Debo la capacidad vivir, de pensar, de expresarme, de trasladar emociones, la motivación a la posibilidad de releer a Quevedo, a Lope de Vega, a Baltasar Gracián, a Jorge Manrique, a Larra, a Galdós, a Azorín, a Ortega y Gasset, a Unamuno, a Josep Pla, a Ana María Matute, a Miguel Delibes, a los Sánchez Ferlosio, a Joan Margarit, a Francisco Brines, a Emilio Lledó, a Pérez Reverte... A 6.361 autores reseñados en mis notas divididas en 28.283 temas. En ellas figura cuanto soy, todo lo adeudo.
Tras convivir y cantar con Pablo Neruda, sé que debo el gusto por las adjetivaciones a García Márquez, sus obras menos densas me consolaron para alcanzar Cien Años de Soledad. Cuando lo entendí, allí me detuve, con los Buendía, haciendo pescaditos de oro. Ya tenía línea abierta de un andén evolutivo de idas y venidas al que arribaron paulatinamente Juan Rulfo, Vargas Llosa, Borges, Cortázar. En el camino encontré a Bioy Casares -con el que me senté cómodo en sus Jardines Ajenos-, y a Benedetti. Con feliz facilidad descubrí el Libro de la Letra E de Augusto Monterroso, las elevadas cumbres de expresión de Octavio Paz o el amor por la belleza y la palabra elegante de Alberto Magris. Hubo más, más no me extiendo. Obligado les estoy.
Debo reflejos de luz a las confortables sombras de los rusos, franceses, ingleses, polacos, japoneses, chinos, italianos, indios, estadounidenses, árabes, africanos, a los que accedí en traducciones promovidas por editoriales elegantes, cuidadas con esmero.
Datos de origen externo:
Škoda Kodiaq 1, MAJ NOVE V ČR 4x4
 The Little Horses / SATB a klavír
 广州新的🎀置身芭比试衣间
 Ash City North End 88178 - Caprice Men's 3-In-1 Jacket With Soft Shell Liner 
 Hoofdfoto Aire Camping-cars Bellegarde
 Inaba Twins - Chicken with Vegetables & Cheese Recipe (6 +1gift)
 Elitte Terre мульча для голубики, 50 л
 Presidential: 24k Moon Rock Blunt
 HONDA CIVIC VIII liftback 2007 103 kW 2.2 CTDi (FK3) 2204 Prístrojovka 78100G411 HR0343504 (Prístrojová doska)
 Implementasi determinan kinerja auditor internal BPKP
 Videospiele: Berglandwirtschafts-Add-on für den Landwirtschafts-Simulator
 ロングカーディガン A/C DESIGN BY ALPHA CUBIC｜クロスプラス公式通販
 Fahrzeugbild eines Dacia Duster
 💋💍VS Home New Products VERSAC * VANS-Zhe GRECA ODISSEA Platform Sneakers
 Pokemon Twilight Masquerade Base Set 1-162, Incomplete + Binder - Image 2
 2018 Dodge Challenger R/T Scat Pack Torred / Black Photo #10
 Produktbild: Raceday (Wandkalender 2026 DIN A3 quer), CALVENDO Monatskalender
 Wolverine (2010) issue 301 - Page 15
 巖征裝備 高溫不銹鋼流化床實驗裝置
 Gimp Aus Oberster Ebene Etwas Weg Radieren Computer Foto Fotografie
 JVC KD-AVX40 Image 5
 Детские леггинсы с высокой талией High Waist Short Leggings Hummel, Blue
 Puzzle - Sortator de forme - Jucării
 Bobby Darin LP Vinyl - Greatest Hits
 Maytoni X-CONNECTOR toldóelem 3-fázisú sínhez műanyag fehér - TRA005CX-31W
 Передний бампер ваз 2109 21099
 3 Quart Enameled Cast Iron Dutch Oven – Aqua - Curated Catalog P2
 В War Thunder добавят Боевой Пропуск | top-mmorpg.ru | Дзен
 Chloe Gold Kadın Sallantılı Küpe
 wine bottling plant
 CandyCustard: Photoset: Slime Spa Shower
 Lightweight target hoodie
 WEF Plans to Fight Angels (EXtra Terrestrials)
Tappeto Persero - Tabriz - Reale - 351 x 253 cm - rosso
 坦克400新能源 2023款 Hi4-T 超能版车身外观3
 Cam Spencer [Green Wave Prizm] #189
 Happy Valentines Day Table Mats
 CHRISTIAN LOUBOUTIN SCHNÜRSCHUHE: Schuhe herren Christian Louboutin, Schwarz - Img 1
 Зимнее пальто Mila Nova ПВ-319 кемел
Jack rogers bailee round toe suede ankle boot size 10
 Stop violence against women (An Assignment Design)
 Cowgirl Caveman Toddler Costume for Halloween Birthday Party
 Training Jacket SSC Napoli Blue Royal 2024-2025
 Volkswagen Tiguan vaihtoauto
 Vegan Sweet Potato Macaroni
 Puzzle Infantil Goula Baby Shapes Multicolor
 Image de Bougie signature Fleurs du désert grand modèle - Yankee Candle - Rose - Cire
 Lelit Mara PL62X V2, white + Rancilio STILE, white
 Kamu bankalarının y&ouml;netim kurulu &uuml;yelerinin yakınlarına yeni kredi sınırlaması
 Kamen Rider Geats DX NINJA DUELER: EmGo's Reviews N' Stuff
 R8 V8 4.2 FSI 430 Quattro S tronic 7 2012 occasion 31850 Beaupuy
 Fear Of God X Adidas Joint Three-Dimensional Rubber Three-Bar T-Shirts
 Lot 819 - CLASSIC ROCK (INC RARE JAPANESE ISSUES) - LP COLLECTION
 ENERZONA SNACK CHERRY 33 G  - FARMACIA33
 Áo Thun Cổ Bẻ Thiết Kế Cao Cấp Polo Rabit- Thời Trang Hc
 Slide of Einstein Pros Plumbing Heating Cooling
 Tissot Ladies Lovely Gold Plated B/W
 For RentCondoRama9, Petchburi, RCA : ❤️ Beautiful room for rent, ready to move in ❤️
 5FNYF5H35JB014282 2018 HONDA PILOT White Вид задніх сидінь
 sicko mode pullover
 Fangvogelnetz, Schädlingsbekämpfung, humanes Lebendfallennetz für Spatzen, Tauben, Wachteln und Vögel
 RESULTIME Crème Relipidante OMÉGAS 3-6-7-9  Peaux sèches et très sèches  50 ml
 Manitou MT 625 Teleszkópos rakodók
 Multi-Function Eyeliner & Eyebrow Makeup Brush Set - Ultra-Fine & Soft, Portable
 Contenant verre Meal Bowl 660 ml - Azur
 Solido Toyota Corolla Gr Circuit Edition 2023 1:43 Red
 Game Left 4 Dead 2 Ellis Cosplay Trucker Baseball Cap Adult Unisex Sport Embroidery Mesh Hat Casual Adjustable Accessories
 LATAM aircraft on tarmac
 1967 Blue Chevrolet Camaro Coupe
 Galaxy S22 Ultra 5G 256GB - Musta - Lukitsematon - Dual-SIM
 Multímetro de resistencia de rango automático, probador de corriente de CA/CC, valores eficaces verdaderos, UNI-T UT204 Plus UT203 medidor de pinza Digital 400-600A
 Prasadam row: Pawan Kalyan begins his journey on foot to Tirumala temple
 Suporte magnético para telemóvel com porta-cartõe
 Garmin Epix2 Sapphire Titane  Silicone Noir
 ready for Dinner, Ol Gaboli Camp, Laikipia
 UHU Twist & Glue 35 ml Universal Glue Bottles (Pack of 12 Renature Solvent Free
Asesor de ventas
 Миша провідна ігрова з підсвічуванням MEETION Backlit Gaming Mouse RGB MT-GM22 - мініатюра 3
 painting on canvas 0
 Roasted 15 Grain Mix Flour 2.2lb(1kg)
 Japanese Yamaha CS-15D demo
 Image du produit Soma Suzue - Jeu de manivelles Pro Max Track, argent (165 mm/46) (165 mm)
Todos me acogieron en sus obras como a un personaje despistado y me dejaron acompañarles gustosos en sus recorridos por ciudades, selvas, desiertos, oasis, revoluciones. En su compañía viajo al fin en el tiempo, a las grandes gestas de la Historia, a guerras, dialogo con Principitos...
A los biógrafos, a mis compañeros periodistas, a los críticos, universitarios, científicos, filósofos, ensayistas, les debo entrevistas, reseñas, recensiones, indicios, tesis, notas cultas, que si no han colmado mi curiosidad es por el incesante deseo de saber, confirmar, reflexionar y exponer.
Si no he estado de acuerdo en el fondo, he admirado la forma; si no me contentaron las descripciones, lo hicieron los diálogos; si no fue el verso me alcanzó la prosa; si no me sorprendieron más los viajes literarios, lo hicieron personajes. Sé admirar la calidad editorial y estimo a cuantos nos han trasladado con sus traducciones idiomas inalcanzados.
En los libros se escriben y se corrigen las historias, las mayúsculas y los pequeños avatares, sean reales o inventados, exagerados o sutiles. Se ensalza y se desprecia. Se ilustran vidas y pasajes. En ellos, en sus páginas lentas, densas, tupidas de hallazgos, puede resultar agradable incluso la banalidad, repudiable la gesta o denunciada la intolerancia, son remansos de paz y de exaltación, de arte y escaparate de tropelías, proclamación de libertad y de cultura.
Debo, leo, admiro, anoto y aprendo del legado común, consulto el diccionario y me vacuno con palabras. Vivo.